Completed Manuscript Syndrome: Surviving the Pain of Publishing

“A person who publishes a book appears willfully in the public eye with his pants down.” –Edna St. Vincent Millay 


“You are suffering, once again, from CMS,” my husband said in response to my shouting at the cat and then bursting into tears and announcing I hated my life.
“No, I’m not,” I said, “everything’s hopeless.”
“CMS,” he said, “completed manuscript syndrome. It’s the exact way you acted with your previous contracts.”

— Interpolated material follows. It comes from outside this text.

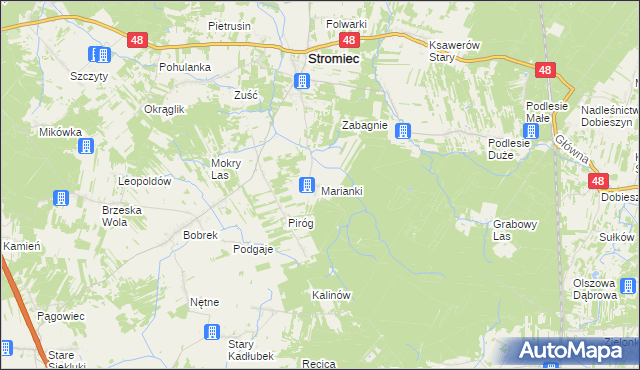 mapa Marianki gmina Stromiec, Marianki gmina Stromiec na mapie Targeo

He had a point. He didn’t know me in 1990 when my first novel was purchased by Harper & Row, but I reacted with panic, sadness, and fear. Then I went to Zabars and bought a coffee cake, ate the whole thing, left messages for people when I knew they would not be home, and when they called back, listened to their squeals of delight, lying face down on my bed muttering, “Leave me alone.” I was unable to tell my parents, and when I did, I refused to provide any solid information except to say, “The book sold. It will probably get canceled.”

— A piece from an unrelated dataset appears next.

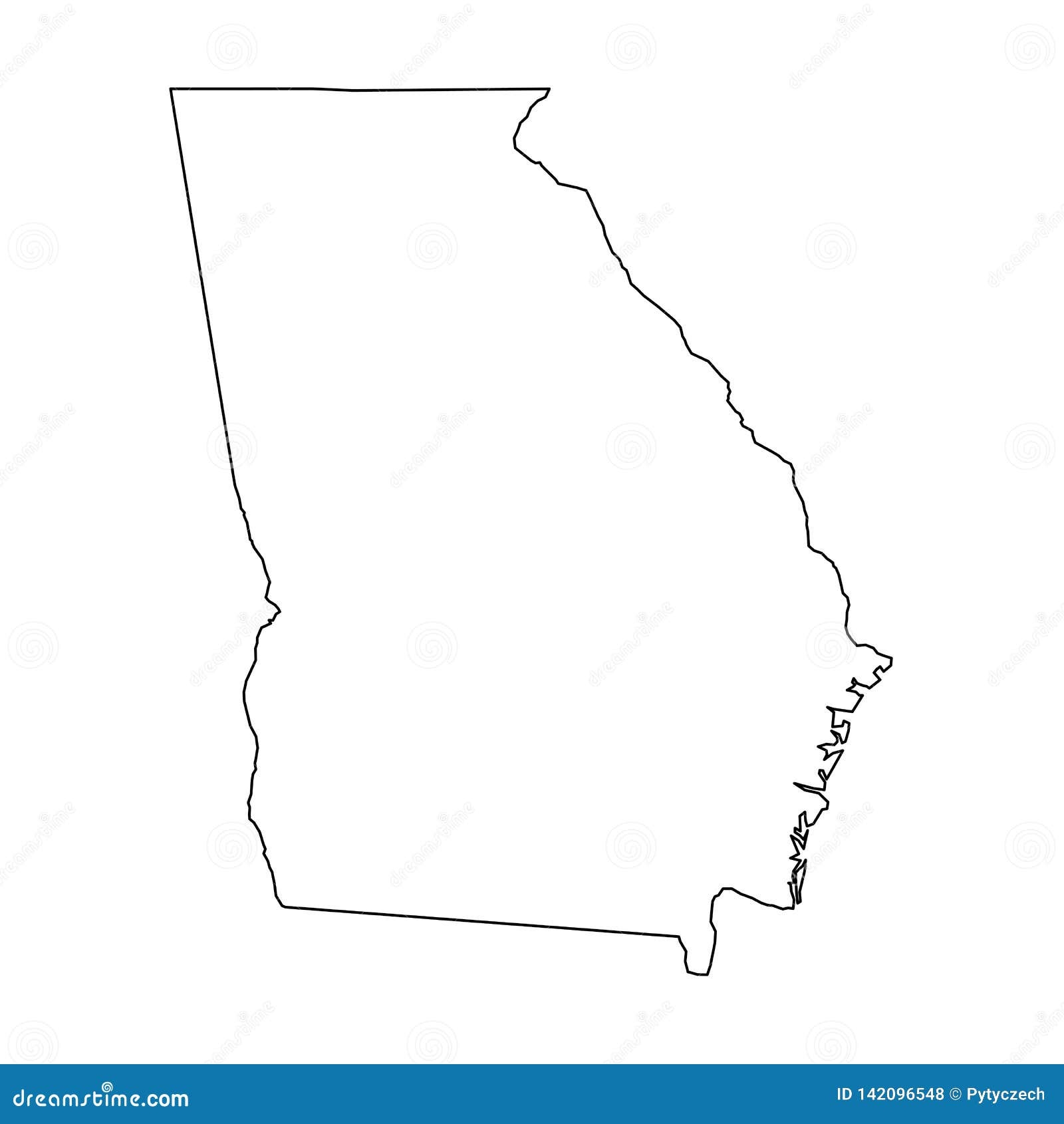 Georgia State Of USA Solid Black Outline Map Of Country Area Simple Flat Vector Illustration Stock Vector Illustration Of Land Detail 142096548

Well, it didn’t get canceled. And after it was published and I was paid, I went on with my life, mostly forgetting to tell people I was a writer when they asked what I did. After presenting a play at the Actor’s Studio, I walked through Times Square with Norman Mailer who happened to be the teacher for my work. When he asked me what was happening in my life I admitted I just had a first novel published.

“That’s wonderful,” Norman said, “but you will suffer.. It’s a terrible thing this writing business.”
“But you’re Norman Mailer,” I said.
“Yes,” he said, “it’s been nothing but pain.”

After that, Harper refused to buy my next book which then sold to an English publisher for much less money. This did not cause me to go into a deep depression as the novel, while something I was proud of, did not contain any tragic autobiographical details and also I could pretend it didn’t happen as it only sold in the UK, Canada, and Australia. I did go to London and had a good time, staying with the publisher with whom I had a brief affair. I came back to resume teaching, met my ex-husband, had a baby, moved back to London, then Dallas, then Chicago and got a divorce. During this time, I wrote many things, all of which were rejected.

photo by Robert Anasch

Then, in 2003, I sent my agent a new novel, Stone Garden and then returned to my decidedly unglamourous life of teaching many teenagers how to write. I was a high school English teacher, a single mother, and refused to call myself a writer. Then my agent called to tell me there was an auction taking place for my book with two publishers bidding for the rights. I was shocked as I didn’t know she was already submitting the book. The night before my husband was combing lice, given to me by my stepdaughter, out of my hair and I had announced, “I will never get published again.”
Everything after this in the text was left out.